== Aim of the exercise ==
Lines outside the range are not wanted. Give again exactly the lines between the line holding "Jaromir Weinberger: Orchesterwerke, CD" and the line holding "Footpath to Mono Lake, California", inclusive, from the listing below.

== Data section ==
════
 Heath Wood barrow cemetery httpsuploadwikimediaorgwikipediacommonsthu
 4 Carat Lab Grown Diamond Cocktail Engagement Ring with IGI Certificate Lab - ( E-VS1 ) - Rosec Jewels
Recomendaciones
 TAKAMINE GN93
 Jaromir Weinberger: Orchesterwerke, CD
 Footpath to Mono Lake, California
════
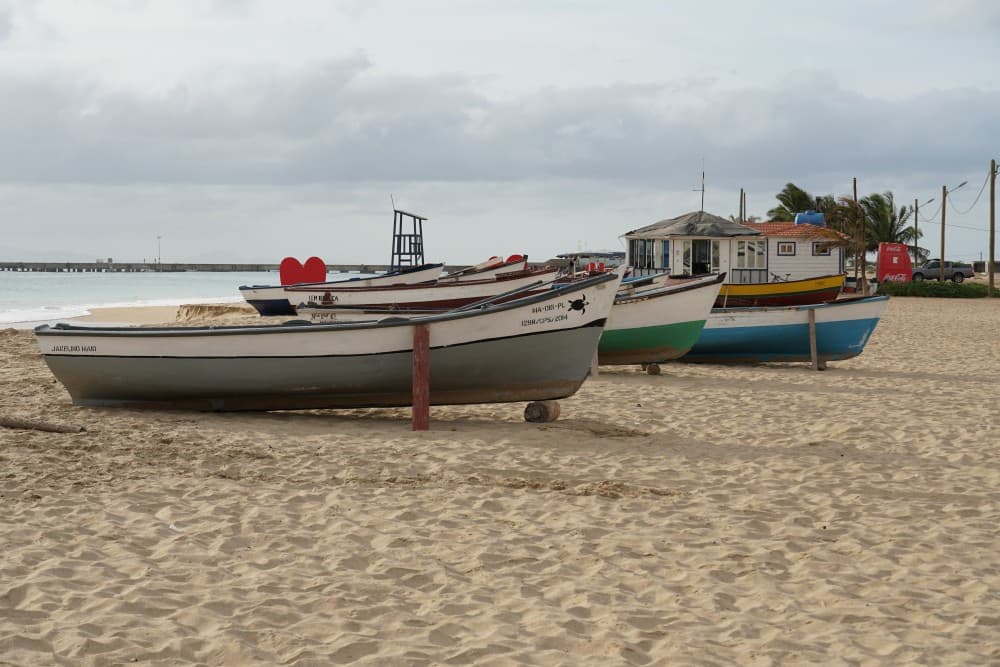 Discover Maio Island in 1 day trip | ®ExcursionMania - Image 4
════
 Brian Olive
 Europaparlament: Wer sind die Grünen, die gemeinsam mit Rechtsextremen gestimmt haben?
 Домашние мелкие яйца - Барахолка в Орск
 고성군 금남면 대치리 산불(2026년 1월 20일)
════
== Response for this exercise ==
 Jaromir Weinberger: Orchesterwerke, CD
 Footpath to Mono Lake, California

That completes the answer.